The Court found that the public might reasonably perceive that the involvement of the mayor with the developer, with whom she had done business, would impair her objectivity. The Court noted that such suspicion is especially true when the ordinance under consideration is being hotly contested, as it was in this case. Therefore, the Court found that the ordinances were invalid due to the mayor's failure to withdraw from participation when she had a conflict of interest.

Comment: For a perhaps more generous view, see the following recent unreported case, also from New Jersey: 

ZONING AND LAND USE; PROCEDURE; CONFLICTS OF INTEREST: Where a planning board's member's law firm has not represented an applicant and quite some time has passed since any member of that law firm represented any part owner of an applicant, there is no requirement that the board member recuse herself or himself.
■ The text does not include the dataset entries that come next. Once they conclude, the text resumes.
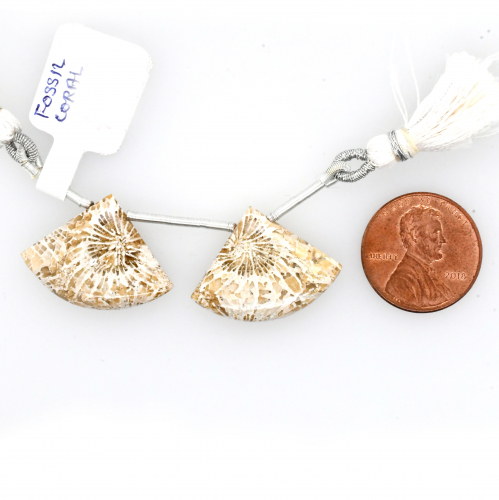 Fossil Coral Drops Fan Shape 18x24mm Drilled Bead Matching Pair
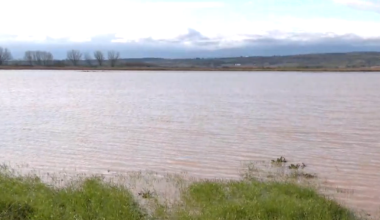 Κιλκίς: Περισσότερα από 10.000 στρέμματα πλημμύρισαν στον κάμπο Πολυκάστρου – Μεγάλες ζημιές (βίντεο)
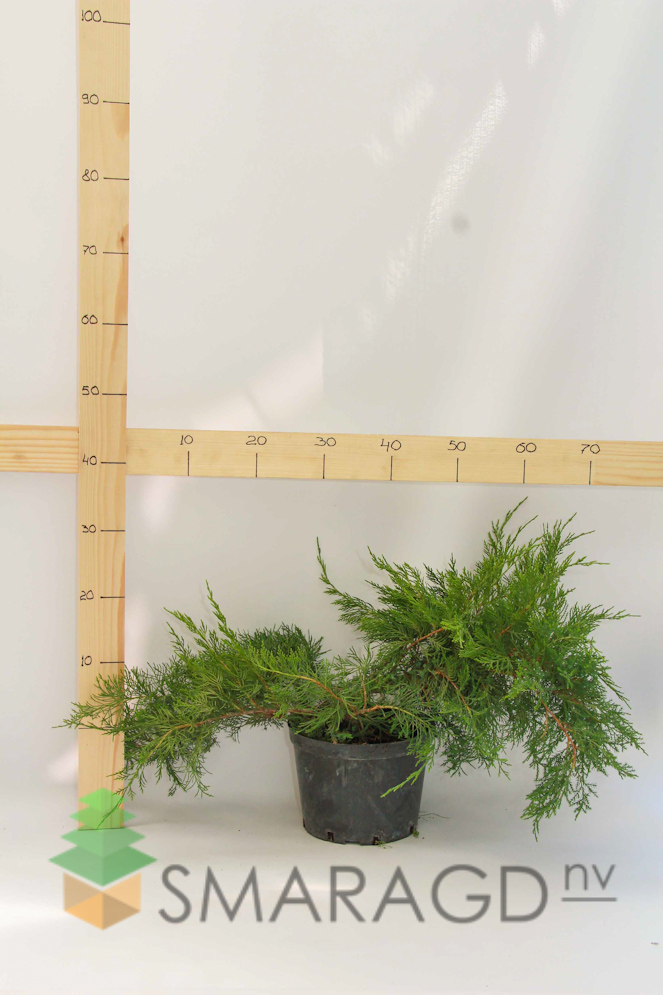 yalivec-seredniy-juniperus-pfitzeriana-mint-julep-diametr-4-1890.jpg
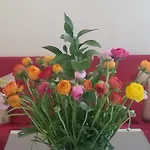 Hotell Nuovo Nord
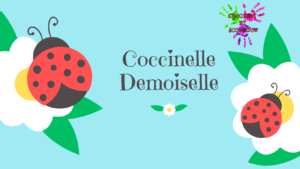 Coccinelle demoiselle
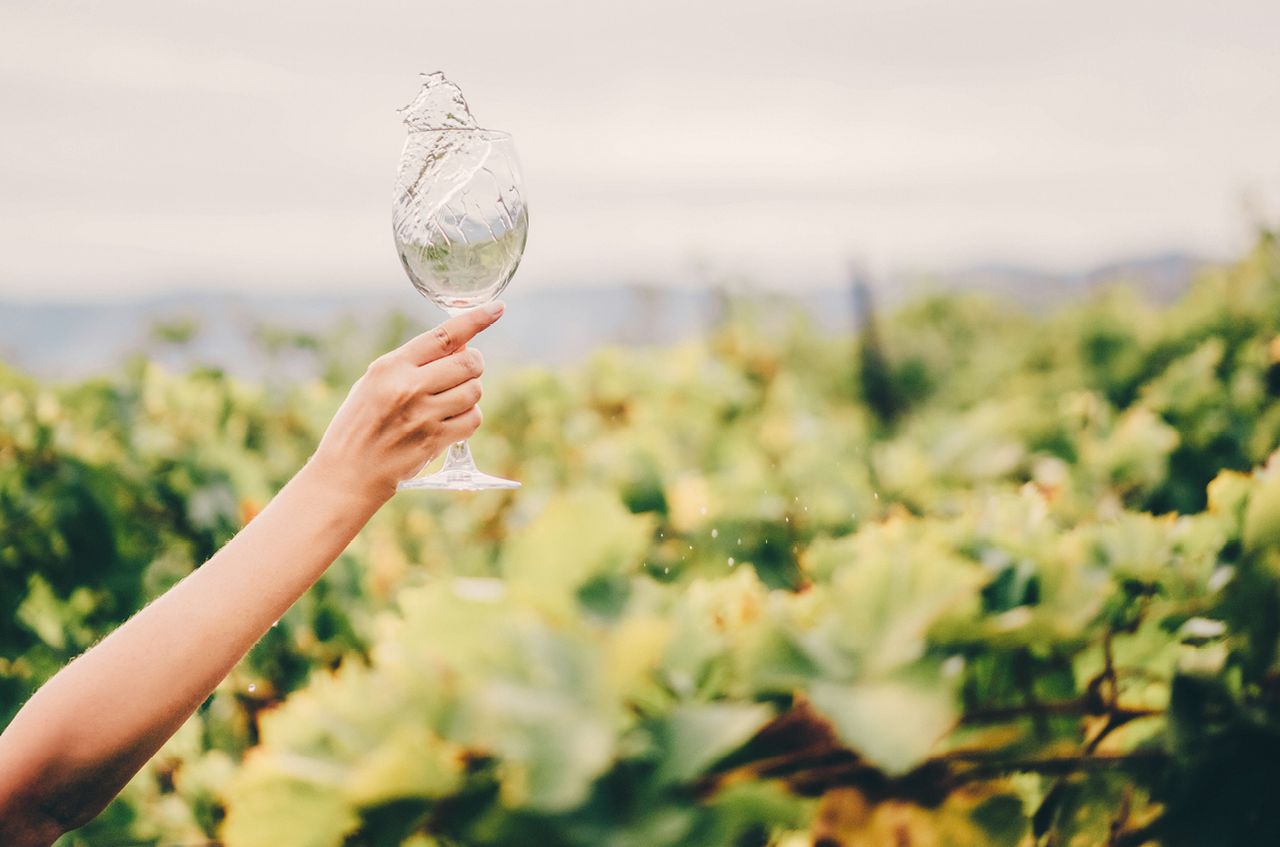 Pure Brilliance: DWWA 2026's Best in Show whites and rosés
Meyer v. MW Red Bank, LLC, 401 N.J. Super. 482, 951 A.2d 1060 (App. Div. 2008), Unpublished.

A developer, originally a limited liability company, sought a variance as part of its application to redevelop a parcel as a mixed use development. The chair of the zoning board recused himself from the variance hearing on the variance because he had represented one of the developer's part-owners in the purchase of a house. An attorney who represented objectors in a previous related matter before the board inquired whether the acting chair, who was involved with the previous matter had any conflict of interest. The acting chair said she had no conflicts of interest regarding the developer's variance request and the board subsequently approved the developer's variance request.

The objector's attorney brought an action against the zoning board challenging the acting chair's participation in the hearing on the basis that the acting chair's father, a retired judge, held a position at same the law firm where the zoning board chair was a partner. The lower court dismissed the action, finding that any conflict of interest on the part of the chair could not be imputed to the acting chair, and that the acting chair's father's status at the law firm as "of counsel" could not be reasonably expected to impair the acting chair's ability to make an unbiased determination. The lower court also found that the objector's attorney had the opportunity to apply for a stay of the variance grant pending the outcome of the previous matter on the basis of the acting chair's purported conflict of interest, but failed to do so. As a result, he was barred from raising the challenge to the acting chair's participation.

On appeal, the Appellate Division pointed out that the law firm had never represented the developer and that it had been more than two years since any member of the law firm represented the part-owner of the developer or of any of its subdivisions. It also pointed out was that the acting chair's father only had an indirect connection to the representation of the developer's part-owner. The Court found that the chair's decision to recuse himself from the matter was a choice he made individually. It agreed with the lower court that there was no requirement that the acting chair do the same. Additionally, it found that the attorney had the opportunity during discovery to find out any additional facts regarding the chair's relationship to the developer's part-owner and if the relationship improperly influenced the acting chair's judgment. As a result of its findings, the Court upheld the zoning board's approval of the developer's variance request.